The report on Greenland is
being published today in the on-line edition of the journal Science
by the University of Texas scientists at Austin, including Chen, aerospace
engineer Byron Tapley and geologist Clark Wilson.
According to the researchers,
surface melting of Greenland's ice cap reached 57 cubic miles a year
between April of 2002 and November of 2005, compared to about 19 cubic
miles a year between 1997 and 2003.
"The sobering thing
is to see that the whole process of glacial melting is stepping up much
more rapidly than before," said Tapley in a statement.
If the Greenland ice cap
ever melted completely -- a highly unlikely event, at least in the foreseeable
future -- the scientists estimate it would raise world's sea level by
an average of 6.5 meters, or about 21 feet, more than enough to drown
all the world's low-lying islands and even some entire nations, like
Holland.
The possibility of future
sea level rises becomes even more evident when Antarctica's huge ice
sheets are considered.
Only last March two University
of Colorado physicists used the same satellite system to measure melting
of ice on the Antarctic continent. Although earlier evidence using other
techniques appeared to show that the East Antarctica ice sheet was actually
thickening, satellite data gathered by Isabella Velicogna and John Wahr
at Boulder found that melting -- primarily from the West Antarctic Ice
Sheet -- had turned at least 36 cubic miles of ice to fresh water each
year from 2002 to 2005.
A recent report from the
Intergovernmental Panel on Climate Change -- known as the IPCC -- estimated
that during all of the past century worldwide melting ice from global
warming had raised sea levels by only two-tenths of a millimeter a year,
or about 20 inches for the entire century.

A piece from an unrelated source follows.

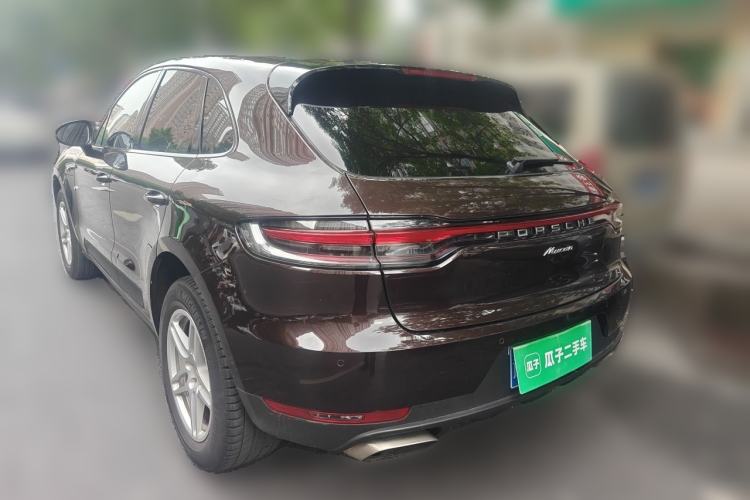Used Porsche Macan 2018 Macan 2.0T Rear Left 45 Deg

But, according to Chen and
his Texas team, the melting of Greenland's ice cap is already raising
global sea levels by six-tenths of a millimeter each year, and the Colorado
group estimates that melting of the West Antarctic Ice Sheet alone is
adding up to four-tenths of a millimeter of fresh water to sea levels
each year. In other words, the global sea level, due to melting of the
ice in Greenland and Antarctica combined, is already rising 10 times
faster than the IPPC's tentative estimates, the two analyses indicate.
Both the Texas and Colorado
groups have been obtaining their data from two satellites known as GRACE,
the Gravity Recovery and Climate Experiment, which fly in orbit 137
miles apart and determine with extraordinary accuracy just how the mass
of even small regions of the Earth change as ice melts and flows away
from the land to the sea.
The GRACE satellite mission
is due to end next year, but the Texas team is awaiting NASA approval
for a new and improved satellite system to continue the work, using
laser beams rather than microwaves to measure ice cap melting, Chen
said.
In a recent summary of the
ice cap melting problem and its effect on sea levels reported by Richard
Kerr in Science, geoscientist Michael Oppenheimer of Princeton said,
"The time scale for future loss of most of an ice sheet may not
be millennia," as glacier models have suggested, "but centuries."